In this section, the performance of the proposed improved DBO-Catboost detection model is compared and evaluated using publicly available datasets.
4.3. Data Preprocessing
Data preprocessing is an essential step in machine learning, involving cleaning, transforming, and standardizing raw data before feeding it into a model. The main purpose of data preprocessing is to improve data quality, enhance model performance, and increase generalization ability.
Typically, data preprocessing involves several steps:
Step1: Data cleaning. The primary objective is to remove duplicate and invalid values from the dataset. This also involves handling missing values by imputation.
Step2: Data type conversion. This refers to the process of converting the data type of features to a different format. Machine learning algorithms typically require numerical data, so non-numeric features need to be converted into a numerical format for the algorithms to process.
Step3: Standardization. Some features in the dataset may have varying scales or ranges of values. To simplify the learning process of the model, it is necessary to standardize the features in the dataset.
Step4: Feature engineering.
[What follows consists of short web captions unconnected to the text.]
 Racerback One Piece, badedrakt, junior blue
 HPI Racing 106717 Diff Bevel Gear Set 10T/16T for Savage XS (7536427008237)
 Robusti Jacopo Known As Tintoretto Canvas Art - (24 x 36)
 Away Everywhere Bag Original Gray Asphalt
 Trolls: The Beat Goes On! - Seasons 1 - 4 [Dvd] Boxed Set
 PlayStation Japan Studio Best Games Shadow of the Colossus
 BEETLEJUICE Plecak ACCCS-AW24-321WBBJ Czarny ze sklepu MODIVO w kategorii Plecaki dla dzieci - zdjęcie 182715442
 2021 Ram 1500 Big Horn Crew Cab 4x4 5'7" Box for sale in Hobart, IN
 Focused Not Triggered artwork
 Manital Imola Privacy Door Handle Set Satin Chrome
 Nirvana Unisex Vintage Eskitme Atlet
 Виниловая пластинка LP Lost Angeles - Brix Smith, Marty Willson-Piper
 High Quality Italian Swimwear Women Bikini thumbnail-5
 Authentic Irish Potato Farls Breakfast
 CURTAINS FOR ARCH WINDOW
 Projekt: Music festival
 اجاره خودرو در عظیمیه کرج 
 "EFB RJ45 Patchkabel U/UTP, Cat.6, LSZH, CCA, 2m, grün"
The Botnet dataset consists of 83 features, many of which are redundant. These redundant features can negatively impact the model training. In this study, principal component analysis (PCA) [
36] is used for feature dimensionality reduction.
It is worth noting that Catboost has strong capabilities in handling missing values. It can automatically detect and handle missing data, eliminating the need for additional feature engineering and reducing the time required for data preprocessing before training. In this section, to ensure consistency across all experiments, the preprocessed dataset was used.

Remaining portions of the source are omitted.